REF has nothing to do with PhD students, right?

S

I have co-authored a paper, and the corresponding author signed an agreement required by the publishing house after the paper got accepted. The signed agreement has been sent to every authors, so I can see it. But there's something I don't quite understand.

In the agreement, it says:

'Some of the authors are employees of the UK, Canadian or Australian Government but Crown Copyright is not asserted'
What does this mean?

And then it says:
'At least one author is affiliated to a UK institution. I must deposit the accepted manuscript in my institutional repository and make this publicly available after an embargo period, in order to be eligible for the Research Excellence Framework (REF) 2021. '
Actually, amongst all the authors, only I am affiliated to a UK uni. But I'm a PhD student. I've heard that PhD students' research work doesn't count when unis are doing the REF, true? If so, then this paper doesn't need to be put in the corresponding author's institutional repository, right? Then I don't understand why this publishing house is making this fuss.

Avatar for rewt

I thought, you could submit any paper that you are coauthor on to REF. So your coauthors could submit it without being the corresponding author. The journals system probably doesn't see that you are a PhD student.

S

Quote From rewt:
I thought, you could submit any paper that you are coauthor on to REF.

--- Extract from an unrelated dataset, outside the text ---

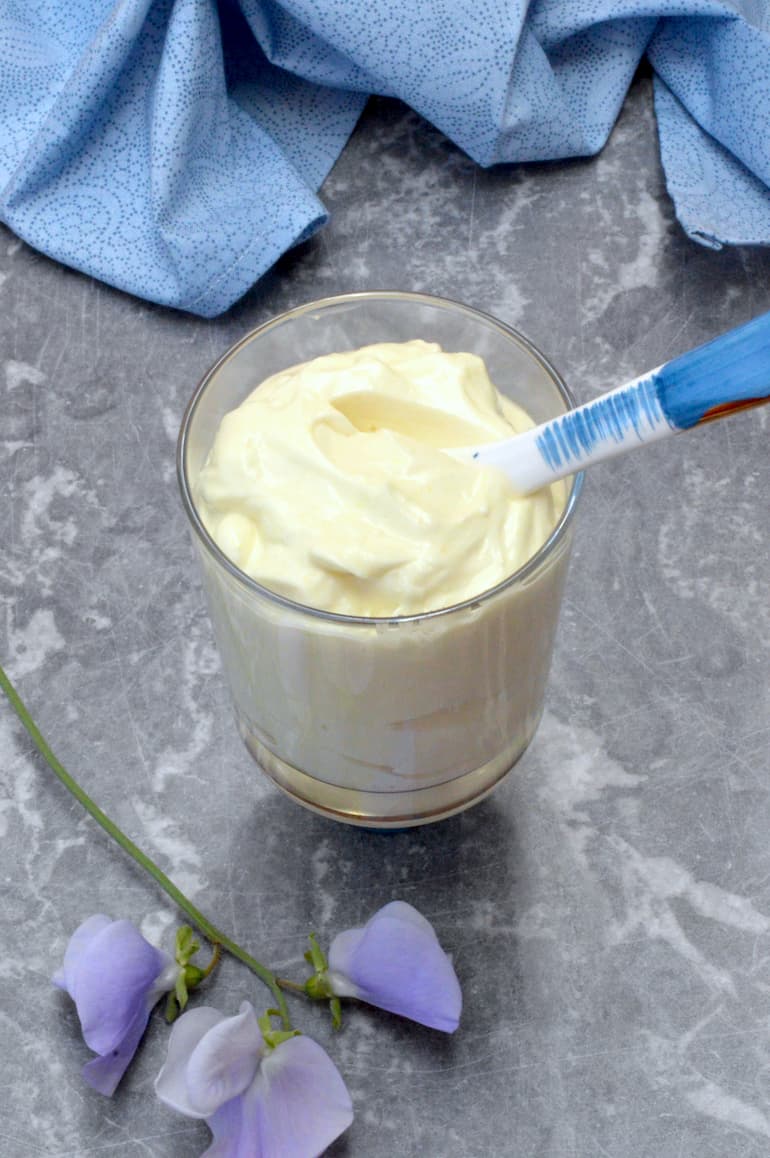 Vegan mayonnaise in a jar with spoon.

But it seems that I can't. I'm a PhD student. I've heard people say PhD students' outputs don't count, only PIs' work counts. I've just browsed the REF guidance and searched 'PGR' and 'PhD', but it returns no meaningful results.

A

The crown copyright is not something to worry about. It's if you're a public servant (like work for a government department) Her Majesty technically owns the copyright which I think makes a headache for publishers.

REF returns are limited to staff, the fact you're a student makes you ineligible to return. If you are staff, then there are further complicated rules. Universities extensively game their ref-returns based on these rules (the government pays them cash-in-hand based on their result). It's generally better for them to have a small number of staff returning high-quality outputs, they can do this in a range of ways some of which work better for the academic (suddenly promoting them from RA etc. so they qualify), and some which don't (deliberately trying to manipulate them into teaching-only roles so they can focus a group's output on one individual).

The truth is;

- As a PhD student, you will not be returned.
- If you produce outputs on which a co-author is eligible (an academic at the University) this can be returned. Hence your supervisor and the university in general will want you to produce these outputs and add an eligible academic as a co-author. They may not be transparent about this.
- There is still benefit to you, as when you apply for a job after your PhD you can transfer your outputs into the new post. You can also in this REF submit the same output as your previous institution. E.g. if you co-author a paper with your supervisor which they return, then move to a new university, you have an eligible paper to return too. This means a prospective employer will be 'buying' your return for ROI as much as employing you. It's for this reason that REF outputs are very important for getting job offers.

S

Oh thanks abababa, this is very informative.
So now it's clear: the corresponding author of this paper doesn't need to upload this manuscript to his institution's repository.
But I don't quite understand this: 'It's generally better for them to have a small number of staff returning high-quality outputs'. Does it mean that the uni may choose not to return some academics' outputs just because they're deemed as non top quality? Is this allowed? I thought all academics' should be counted.